Perhaps there is a single post type on the artist feed that the downloader doesn't like? Is it possible to add a command flag to skip problematic items instead of failing completely?

AlexCSDev commented 2 years ago

The issue is more complicated than that. The app relies on patreon itself to tell it how to access the next page with the posts. For some reason for some users the returned url is not valid. It's impossible to continue going through creator's posts after that happens.

The issue here is that I don't know why that happens and I can't reproduce it on my side.

SubbyDew commented 2 years ago

I'm also still getting the same error after deleting chromedata on the latest version:

2022-06-03 14:13:30.3387 FATAL Fatal error, application will be closed: UniversalDownloaderPlatform.Common.Exceptions.DownloadException: Error status code returned: BadRequest
   at UniversalDownloaderPlatform.DefaultImplementations.WebDownloader.DownloadStringInternal(String url, Int32 retry, Int32 retryTooManyRequests) in F:\Sources\BigProjects\PatreonDownloader\submodules\UniversalDownloaderPlatform\UniversalDownloaderPlatform.DefaultImplementations\WebDownloader.cs:line 333
   at UniversalDownloaderPlatform.DefaultImplementations.WebDownloader.DownloadString(String url) in F:\Sources\BigProjects\PatreonDownloader\submodules\UniversalDownloaderPlatform\UniversalDownloaderPlatform.DefaultImplementations\WebDownloader.cs:line 292
   at PatreonDownloader.Implementation.PatreonWebDownloader.DownloadString(String url) in F:\Sources\BigProjects\PatreonDownloader\PatreonDownloader.Implementation\PatreonWebDownloader.cs:line 55
   at PatreonDownloader.Implementation.PatreonWebDownloader.DownloadString(String url) in F:\Sources\BigProjects\PatreonDownloader\PatreonDownloader.Implementation\PatreonWebDownloader.cs:line 73
   at PatreonDownloader.Implementation.PatreonPageCrawler.Crawl(ICrawlTargetInfo crawlTargetInfo, String downloadDirectory) in F:\Sources\BigProjects\PatreonDownloader\PatreonDownloader.Implementation\PatreonPageCrawler.cs:line 84
   at UniversalDownloaderPlatform.Engine.UniversalDownloader.Download(String url, String downloadDirectory, IUniversalDownloaderPlatformSettings settings) in F:\Sources\BigProjects\PatreonDownloader\submodules\UniversalDownloaderPlatform\UniversalDownloaderPlatform.Engine\UniversalDownloader.cs:line 198
   at PatreonDownloader.App.Program.RunPatreonDownloader(CommandLineOptions commandLineOptions) in F:\Sources\BigProjects\PatreonDownloader\PatreonDownloader.App\Program.cs:line 143
   at PatreonDownloader.App.Program.Main(String[] args) in F:\Sources\BigProjects\PatreonDownloader\PatreonDownloader.App\Program.cs:line 69
clocklear commented 2 years ago

The issue is more complicated than that. The app relies on patreon itself to tell it how to access the next page with the posts. For some reason for some users the returned url is not valid. It's impossible to continue going through creator's posts after that happens.
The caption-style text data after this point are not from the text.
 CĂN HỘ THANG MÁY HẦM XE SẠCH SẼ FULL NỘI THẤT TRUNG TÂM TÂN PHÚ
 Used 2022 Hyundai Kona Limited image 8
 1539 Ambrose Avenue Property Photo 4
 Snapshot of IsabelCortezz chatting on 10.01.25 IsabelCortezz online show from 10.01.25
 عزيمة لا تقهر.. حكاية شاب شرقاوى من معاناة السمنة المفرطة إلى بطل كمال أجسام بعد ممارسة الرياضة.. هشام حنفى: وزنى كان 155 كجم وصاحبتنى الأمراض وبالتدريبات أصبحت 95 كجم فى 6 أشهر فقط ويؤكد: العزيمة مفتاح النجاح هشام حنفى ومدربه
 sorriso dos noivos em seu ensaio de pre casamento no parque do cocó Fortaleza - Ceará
The issue here is that I don't know why that happens and I can't reproduce it on my side.

Got it. Gonna attempt some local debugging with my artist feed (assuming I can get the project built/running). Will report back.

clocklear commented 2 years ago

It seems that the URL returned by the Patreon API is valid; navigating to the URL in my normal browser returns a 200 with a proper JSON response, but the WebDownloader DownloadStringInternal function is getting a 400 from that URL. Wonder if there is a missing request header that the browser impersonation implementation is missing...
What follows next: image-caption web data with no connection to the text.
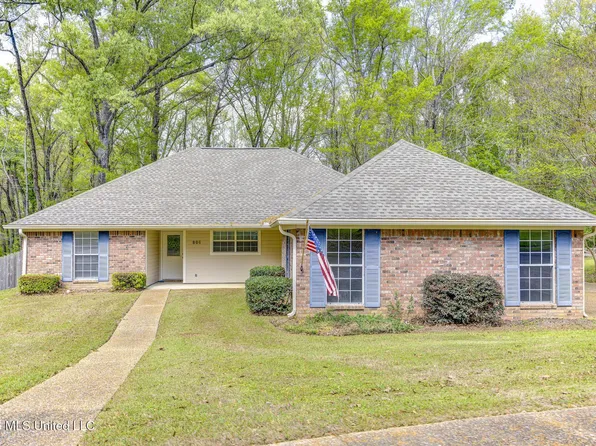 806 Winding Hills Dr, Clinton, MS 39056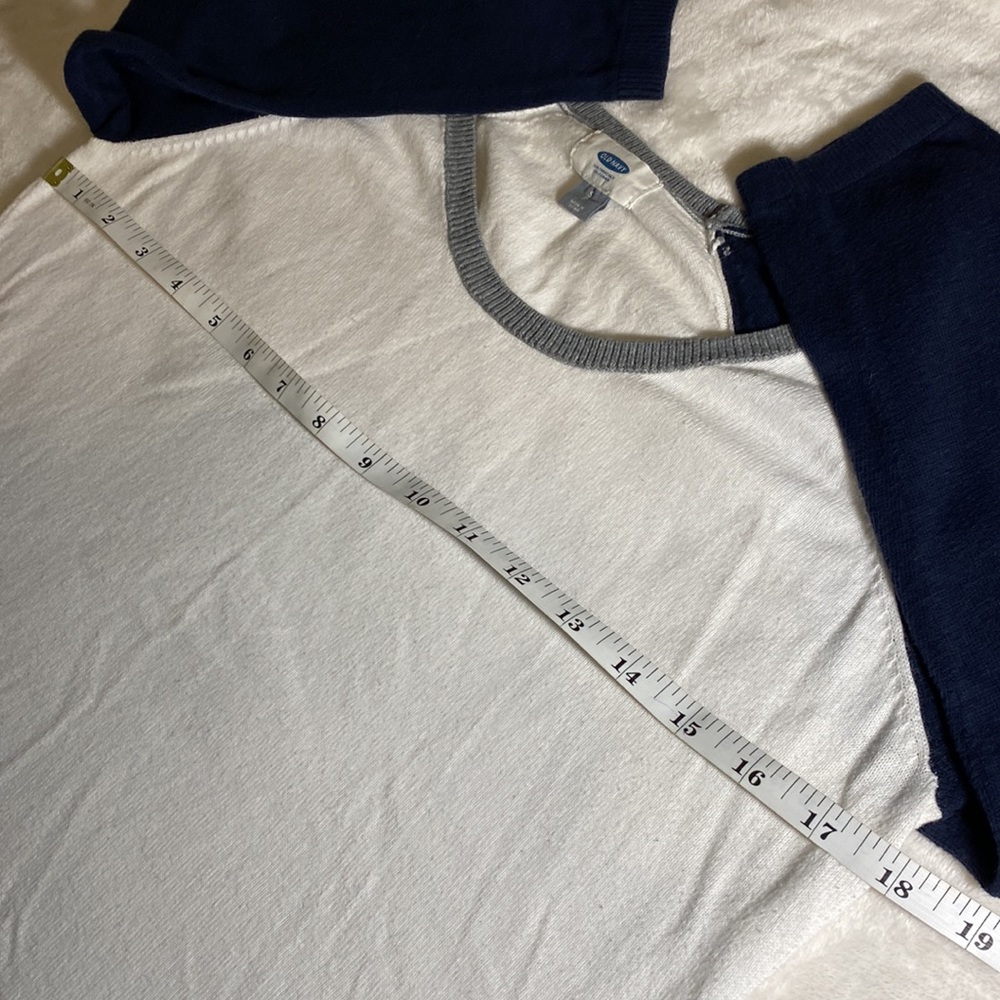 2 Baseball Style Tops - Picture 8 of 9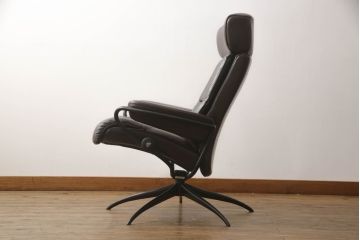 中古　美品　EKORNES(エコーネス)　トーキョー　ヘッドレスト付ローバック　Mサイズ　スタイリッシュなデザインが魅力のストレスレスチェア&オットマンのセット(スターベース、1人掛けソファ、一人掛けソファ、1Pソファ、アームチェア、リクライニングチェア、フットスツール、北欧、本革、レザーチェア)(定価約35万2千円)(R-067304)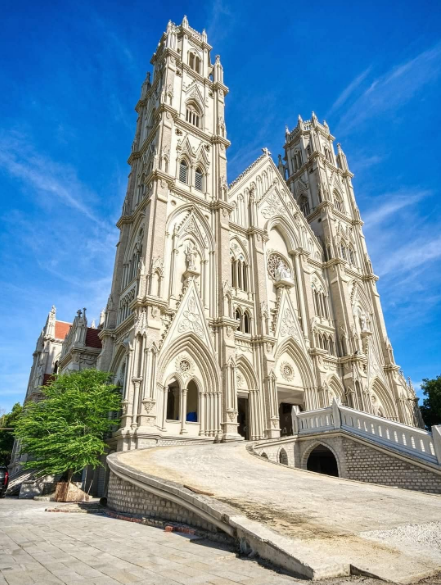 Nếu ở Hà Nội có Nhà thờ Lớn, ở Sài Gòn có Nhà thờ Đức Bà thì ở Vũng Tàu có Nhà thờ Song Vĩnh, được coi là địa điểm check in lý tưởng của nhiều bạn trẻ. Ảnh: Dương Phi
AlexCSDev commented 2 years ago

I don't think that's a header issue, but who knows... I will really appreciate it if you will try to figure this out, no matter what I do I can't replicate this behavior.

clocklear commented 2 years ago

It's not a header issue, per se -- you are correct. However, in attempting to debug, I seem to have gotten myself on CloudFlare's naughty list -- I can't auth any more and keep getting redirected to do captcha checks over and over again.

What I will say is that I was doing debugging with Fiddler comparing the requests from PatreonDownloader to the requests from my browser and the only (meaningful) differences were in the cookie. I think it was the case that I was missing a session_id in the PatreonDownloader request, but I had a working one on the browser side.

AlexCSDev commented 2 years ago

Aha. Yep, seems like this is an issue. My tests show that cursor id is probably tied to current user's session. But the missing cookie means the user is not logged in.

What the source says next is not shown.